In [None]:
# Read the mintaka dataset

In [1]:
import json
from SPARQLWrapper import SPARQLWrapper, JSON
from string import Template
import re
from pathlib import Path
from tqdm import tqdm

In [2]:
with open('../eval/dataset/mintaka/mintaka_train.json') as mintaka_train_file:
    mintaka_train_json = json.load(mintaka_train_file)
pbar = tqdm(total=len(mintaka_train_json))

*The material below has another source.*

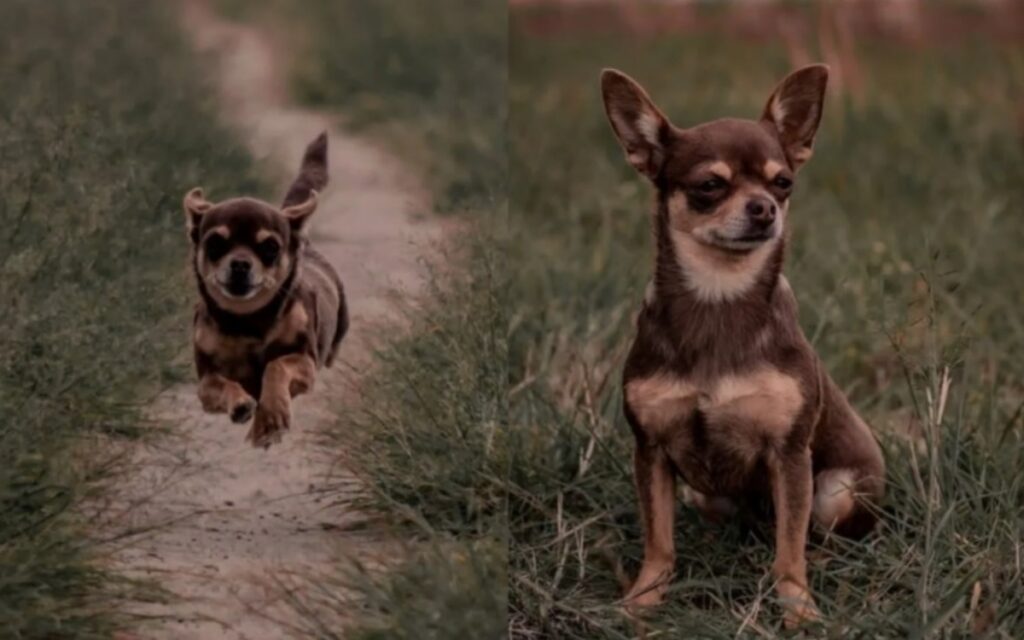 Chihuahua viene abbandonato ma trova una nuova famiglia che l'ha adottato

  0%|          | 0/14000 [00:00<?, ?it/s]

In [3]:
# mintaka_train_json[42]

In [4]:
accepted_langs = ['de', 'pt', 'es', 'fr']

In [5]:
def safeget(dct, *keys):
    for key in keys:
        try:
            dct = dct[key]
        except KeyError:
            return None
    return dct

In [6]:
sparql_wd = SPARQLWrapper("https://query.wikidata.org/sparql")
sparql_wd.setReturnFormat(JSON)

# Temporary agent modifier
agent_header = {'User-Agent': 'wiki_parser_online/0.17.1 (https://deeppavlov.ai;'
                              ' info@deeppavlov.ai) deeppavlov/0.17.1'}
sparql_wd.agent = str(agent_header)

langmatches_clause = " langMatches( lang(?enlbl), \"en\") "
for lang in accepted_langs:
    langmatches_clause += " || langMatches( lang(?lbl), \"" + lang + "\") "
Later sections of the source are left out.